The night of the Great Fire, as seventeen-year-old Delia watches the flames rise and consume what was the pioneer town of Chicago, she can’t imagine how much her life, her city, and her whole world are about to change. Nor can she guess that the agent of that change will not simply be the fire, but more so the man she meets that night.…
Leading the way in rebuilding after the fire, Marshall Field reopens his well-known dry goods store and transforms it into something the world has never seen before: a glamorous palace of a department store. He and his powerhouse coterie—including Potter Palmer and George Pullman—usher in the age of robber barons, the American royalty of their generation.
But behind the opulence, their private lives are riddled with scandal and heartbreak. Delia and Marshall first turn to each other out of loneliness, but as their love deepens, they will stand together despite disgrace and ostracism, through an age of devastation and opportunity, when an adolescent Chicago is transformed into the gleaming White City of the Chicago’s World’s Fair of 1893, (Goodreads)
Delia is seventeen years old when she meets Marshall Field, then thirty-seven, at a ball the night of the Great Chicago Fire in 1871, and they are intensely attracted to each other. However, they maintain merely an acquaintance while the town rebuilds after the fire. He is married with two children and she soon marries her childhood friend Arthur. Both couples’ relationships are rocky: Marsh and Nannie deal with her illnesses, laudanum addiction, and jealousies while Delia and Arthur fumble through almost platonically and deal with his inclination to over imbibe.

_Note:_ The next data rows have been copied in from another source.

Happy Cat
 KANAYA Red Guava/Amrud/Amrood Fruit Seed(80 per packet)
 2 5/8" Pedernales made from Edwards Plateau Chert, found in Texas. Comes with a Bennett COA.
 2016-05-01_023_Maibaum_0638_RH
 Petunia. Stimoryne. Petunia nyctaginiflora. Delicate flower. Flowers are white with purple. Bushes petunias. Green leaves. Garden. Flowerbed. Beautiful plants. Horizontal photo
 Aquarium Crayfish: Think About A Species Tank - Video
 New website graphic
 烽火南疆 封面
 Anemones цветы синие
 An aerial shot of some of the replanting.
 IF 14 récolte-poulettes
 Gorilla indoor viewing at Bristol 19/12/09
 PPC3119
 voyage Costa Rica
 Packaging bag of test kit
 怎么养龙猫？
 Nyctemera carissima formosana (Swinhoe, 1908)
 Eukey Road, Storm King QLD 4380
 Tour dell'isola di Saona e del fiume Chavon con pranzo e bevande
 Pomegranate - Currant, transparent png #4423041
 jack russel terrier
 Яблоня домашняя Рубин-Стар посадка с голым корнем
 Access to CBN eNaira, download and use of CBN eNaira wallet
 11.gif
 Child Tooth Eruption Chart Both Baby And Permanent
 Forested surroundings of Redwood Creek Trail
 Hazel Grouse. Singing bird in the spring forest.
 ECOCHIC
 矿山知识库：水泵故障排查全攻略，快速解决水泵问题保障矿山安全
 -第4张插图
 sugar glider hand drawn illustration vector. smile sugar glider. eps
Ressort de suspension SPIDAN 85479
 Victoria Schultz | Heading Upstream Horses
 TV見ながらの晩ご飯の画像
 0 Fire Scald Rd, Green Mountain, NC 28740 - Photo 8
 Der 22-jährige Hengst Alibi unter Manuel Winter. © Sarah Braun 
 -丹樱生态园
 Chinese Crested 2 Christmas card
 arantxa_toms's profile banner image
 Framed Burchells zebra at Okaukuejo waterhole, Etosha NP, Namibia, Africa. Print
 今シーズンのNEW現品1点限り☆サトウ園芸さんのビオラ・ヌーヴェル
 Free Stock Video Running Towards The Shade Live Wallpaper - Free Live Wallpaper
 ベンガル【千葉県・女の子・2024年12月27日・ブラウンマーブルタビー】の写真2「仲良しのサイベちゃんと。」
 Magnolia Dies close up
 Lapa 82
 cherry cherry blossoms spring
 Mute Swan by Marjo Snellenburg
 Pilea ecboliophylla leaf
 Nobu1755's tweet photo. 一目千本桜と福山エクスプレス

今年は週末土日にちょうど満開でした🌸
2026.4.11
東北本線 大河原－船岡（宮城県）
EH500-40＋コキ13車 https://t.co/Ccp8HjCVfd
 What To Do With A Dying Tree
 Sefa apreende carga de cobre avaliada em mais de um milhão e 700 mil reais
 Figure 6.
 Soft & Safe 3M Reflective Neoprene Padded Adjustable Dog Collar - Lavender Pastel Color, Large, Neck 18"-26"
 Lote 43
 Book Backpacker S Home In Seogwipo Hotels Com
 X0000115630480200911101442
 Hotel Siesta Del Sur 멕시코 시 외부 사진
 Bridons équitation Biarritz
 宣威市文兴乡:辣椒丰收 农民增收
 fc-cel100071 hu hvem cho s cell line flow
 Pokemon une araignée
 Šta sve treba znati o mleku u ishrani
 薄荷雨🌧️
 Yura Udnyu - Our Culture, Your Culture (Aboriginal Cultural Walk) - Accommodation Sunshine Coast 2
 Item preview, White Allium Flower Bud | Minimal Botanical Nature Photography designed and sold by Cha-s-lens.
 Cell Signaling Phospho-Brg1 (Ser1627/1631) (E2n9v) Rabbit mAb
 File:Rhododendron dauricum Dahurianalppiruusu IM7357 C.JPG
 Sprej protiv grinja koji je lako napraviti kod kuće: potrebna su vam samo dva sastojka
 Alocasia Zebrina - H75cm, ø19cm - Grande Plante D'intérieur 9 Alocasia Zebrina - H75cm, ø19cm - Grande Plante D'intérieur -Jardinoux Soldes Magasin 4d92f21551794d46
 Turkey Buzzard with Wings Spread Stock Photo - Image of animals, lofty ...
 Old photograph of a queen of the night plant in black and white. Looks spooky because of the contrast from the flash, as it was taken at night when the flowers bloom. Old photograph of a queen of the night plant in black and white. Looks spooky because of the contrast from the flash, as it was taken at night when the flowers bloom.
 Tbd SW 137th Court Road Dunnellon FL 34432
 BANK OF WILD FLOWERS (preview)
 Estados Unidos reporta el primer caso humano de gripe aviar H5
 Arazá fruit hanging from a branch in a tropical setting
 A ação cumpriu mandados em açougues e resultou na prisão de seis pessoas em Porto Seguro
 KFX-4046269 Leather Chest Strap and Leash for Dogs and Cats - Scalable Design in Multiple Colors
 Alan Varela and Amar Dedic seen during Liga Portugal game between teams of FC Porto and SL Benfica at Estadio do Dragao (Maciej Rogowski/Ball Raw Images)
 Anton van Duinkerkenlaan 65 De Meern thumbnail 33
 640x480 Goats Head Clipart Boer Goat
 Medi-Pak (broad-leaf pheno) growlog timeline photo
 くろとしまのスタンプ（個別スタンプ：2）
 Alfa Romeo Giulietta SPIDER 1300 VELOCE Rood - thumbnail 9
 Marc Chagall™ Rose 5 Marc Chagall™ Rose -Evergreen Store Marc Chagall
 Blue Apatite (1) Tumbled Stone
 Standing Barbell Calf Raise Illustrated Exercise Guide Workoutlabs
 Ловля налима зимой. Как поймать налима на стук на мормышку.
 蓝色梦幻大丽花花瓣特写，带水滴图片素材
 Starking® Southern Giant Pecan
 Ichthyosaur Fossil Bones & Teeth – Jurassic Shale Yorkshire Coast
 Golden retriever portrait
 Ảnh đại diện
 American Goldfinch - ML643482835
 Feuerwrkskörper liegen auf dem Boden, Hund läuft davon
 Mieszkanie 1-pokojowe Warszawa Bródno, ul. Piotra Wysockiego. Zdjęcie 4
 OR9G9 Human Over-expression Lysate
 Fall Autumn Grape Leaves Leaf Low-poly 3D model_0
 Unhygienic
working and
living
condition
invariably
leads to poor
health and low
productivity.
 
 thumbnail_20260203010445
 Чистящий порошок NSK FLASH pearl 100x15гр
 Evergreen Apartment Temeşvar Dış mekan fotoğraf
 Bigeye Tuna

Delia eventually realizes that Arthur is homosexual, and Delia and Marsh turn to each other for comfort. Thus begins a thirty-plus year affair between the two friends and neighbors. It is an unconventional relationship to say the least, but they do not hide it from their spouses or society, and Delia is ostracized as a result. The novel follows them through several decades full of tragedies, rebuilding, loss, and triumph.
Rosen does an excellent job with attention to detail to the time period. I could smell the smoke in the air during the Great Fire and was dazzled by the descriptions of what would become Field’s first department store. This is a highly fictionalized telling of the characters’ lives and the circumstances surrounding their affair. The author explains in her notes that, though the affair was common knowledge, not much about their lives otherwise was recorded. Real and imaginary characters are scattered throughout, and I am now curious what their lives were really like.
The characters are wonderfully flawed. Though the affair is morally wrong, one cannot help but sympathize with Delia and Marshall. Delia is a strong, intelligent woman but remains true to the confines of women during the late nineteenth century. Marsh is painted as a man who is aware of his failings. Nannie is deliciously villainous and an easy scapegoat for the affair. Arthur is a tortured soul attempting to fit into society’s mold of what a man should be. These are characters with complicated relationships, and the reader is drawn into their struggles, triumphs, and losses. It reads rather larger than life but plausible at the same time. The city of Chicago is a character in its own right.
This is ultimately a story of perseverance and change, both for the characters and the city, and it is an enjoyable ride though a little heartbreaking. I recommend this to lovers of Chicago and historical fiction.